Wag's
- Old photo scan of Wag's newspaper ad
- Industry: Casual dining & Pancake house
- Founded: 1975; 51 years ago
- Defunct: 1991; 35 years ago
- Fate: Closed
- Headquarters: Deerfield, Illinois, United States
- Area served: Chicago metropolitan area and Florida
- Parent: Walgreens (1975-1988) Marriott Corp. (1988–1991)

= Wag's =

American former restaurant chain

Wag's was a chain of casual dining (or "family") restaurants owned and operated by Walgreens in the 1970s and 1980s.

==History==
Wag's was started in 1975 by Walgreens and was based on smaller restaurants that existed in some of the larger Walgreens stores.

They were modeled after restaurants like Denny's, Shoney's, and Big Boy in that they were mostly 24-hour establishments specializing in inexpensive fare such as hamburgers and breakfast.

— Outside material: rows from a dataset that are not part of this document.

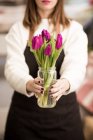 Жінка тримає свіжі рожеві тюльпани в банці — стокове фото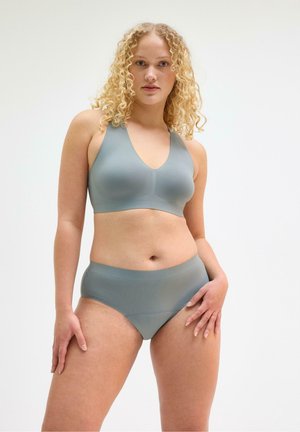 Kvinde med krøllet blondt hår iført et matchende lysegråt sømløst BH- og undertøjsæt, stående mod en ensfarvet hvid baggrund.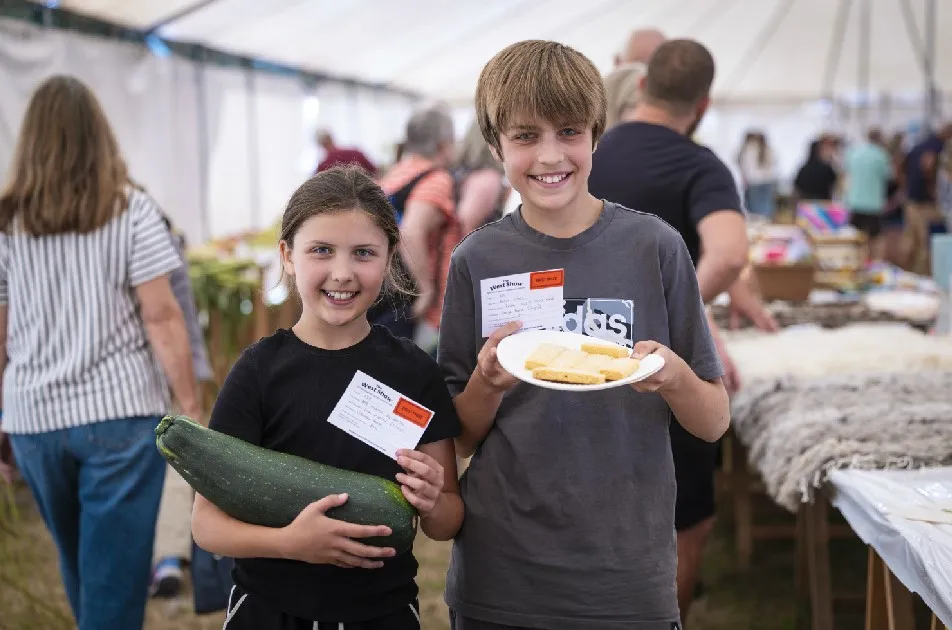 Charlotte, nine, with her winning marrow 7-10 years, and George Pearce, 12, with his winning shortbread in the adult class.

Walgreens sold all 91 freestanding stores to Marriott Corporation in 1988, retaining only a few locations that were situated in malls. Soon after this, Marriott began selling off its assets. Unable to find a buyer for most of the restaurants, the Wag's chain was completely out of business by 1991. However, the 30 Wag's restaurants in the Chicago Metropolitan area were sold to Lunan Corporation (large Arby's franchisee in Chicago) and run by Lunan Family Restaurants. Over the course of 2 years, each Wag's restaurant continued to do business as Wag's until converted to a Shoney's restaurant. Lunan Family Restaurants went out of business in 1994 and Shoney's locations were sold to various chains or individuals. Marriott itself ceased operations in 1993, when they split into two new entities.